The Waziris are not going to be leading a revolution. They don't have any popular support. But politically, things are set to become much worse. The inflation in food prices is astronomical and there are constant power shortages. Real estate, financial services and telecoms have all boomed but the rest of the economy is withering. For over forty years there has been minimal investment in education and infrastructure and the chickens are coming home to roost.

The army staff are all Musharraf loyalists but they're not going to stick by him if they have to risk their necks to do so.

Harry Eagar said...

Well, at the time, I thought it was shocking (Afghanistan, I mean). It was the first, and last, time the USSR ever sent its army to a place it had not already been for a while.

I think everyone was shocked then, and I don't know anyone who has offered a plausible reason why they did it then, unless you buy that the leadership was in the grip of senile dementia, which at least fits the facts.

But since the day before Bhutto was killed, another suicide bomber had gotten through 5 cordons and was only intercepted at the last, then, no, I wasn't shocked.

My question has to do with the third generation of the army officer corps, since I see no sign that Pakistan's civilian parties or factions is about to learn how to govern.

I take it that Musharraf can be thought of as the second generation of the officer corps after independence and that that one was still under the influence of modernist ideas of the first, British-trained generation.
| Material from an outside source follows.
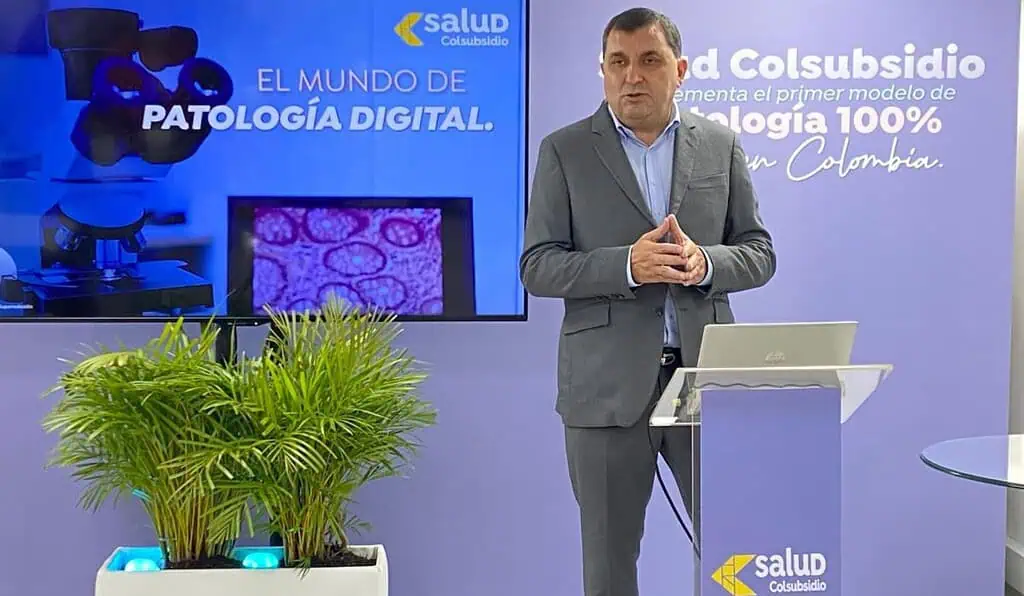 Salud Colsubsidio lanza modelo de patología 100% digital: es el primero en Colombia Carlos Urueña, subdirector de Salud Colsubsidio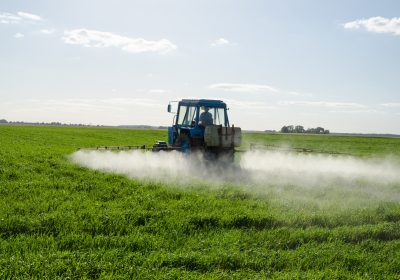 Pesticides et Distances d&rsquo;épandage: Les Sages sanctionnent une concertation locale biaisée – L&rsquo;UFC-Que Choisir de Saône-et-Loire interpelle le Préfet et le Président de la Chambre d&rsquo;agriculture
So, third generation? Modernist or antimodernist? (This is, to my mind, separate from whatever Musharraf's personal adroitness may amount to.)

Ali said...

The brass has it's snout firmly in the trough and is unlikely to tolerate militant yahoos who would call down US heat on it. Musharraf fired most of the pro-Taliban commanders after 9/11.

It's probable the third generation has more anti-moderns but hard to say how many, unless you have military connections. The only one I have is a great-uncle who was a colonel in Signals.

Peter Burnet said...

Ali:

Is there anything cohesive you can identify as approximating what we here would term "public opinion"? Any discernible mega-trends above factionalism, especially among youth?

Ali said...

People mostly seem very disenchanted with the way things are going. Back in 2005 or so, there was some confidence that the country was on the right track and some people were even leaving their jobs in the US and England to return. That seems to have dissipated. The youth mostly seem concerned with getting out of the country as soon as they can.

Among the elite classes, there's been a distinct rise in hedonistic behaviour. Fashion magazines ape Vogue and Cosmopolitan in ways that would have been unheard of ten years ago.

Harry Eagar said...

I suppose it would be too logical for the modernizers to tell the western provinces, 'You're free to be independent'?

I'm not kidding in the abstract. In the real, I know how costly it was to split Pakistan into two.

Generally speaking, I think almost all Muslim countries would be better off divided into some sensible pieces. What was convenient administratively for European overlords probably hardly ever coincides with what 'nationalism' (whatever that means to a Muslim; probably quite a bit different from what it means to me) would suggest.

Years ago, at Bros. Judd, I suggested that the 10 states of southwest Asia should probably be at least 19.

I'd say recent years support that idea.

That the idea is counter to the dream of a reunified caliphate is gravy.

Ali said...

I agree with that. Afghanistan, Pakistan, India and Bangladesh should have been split along linguistic and ethnic lines, not religious ones.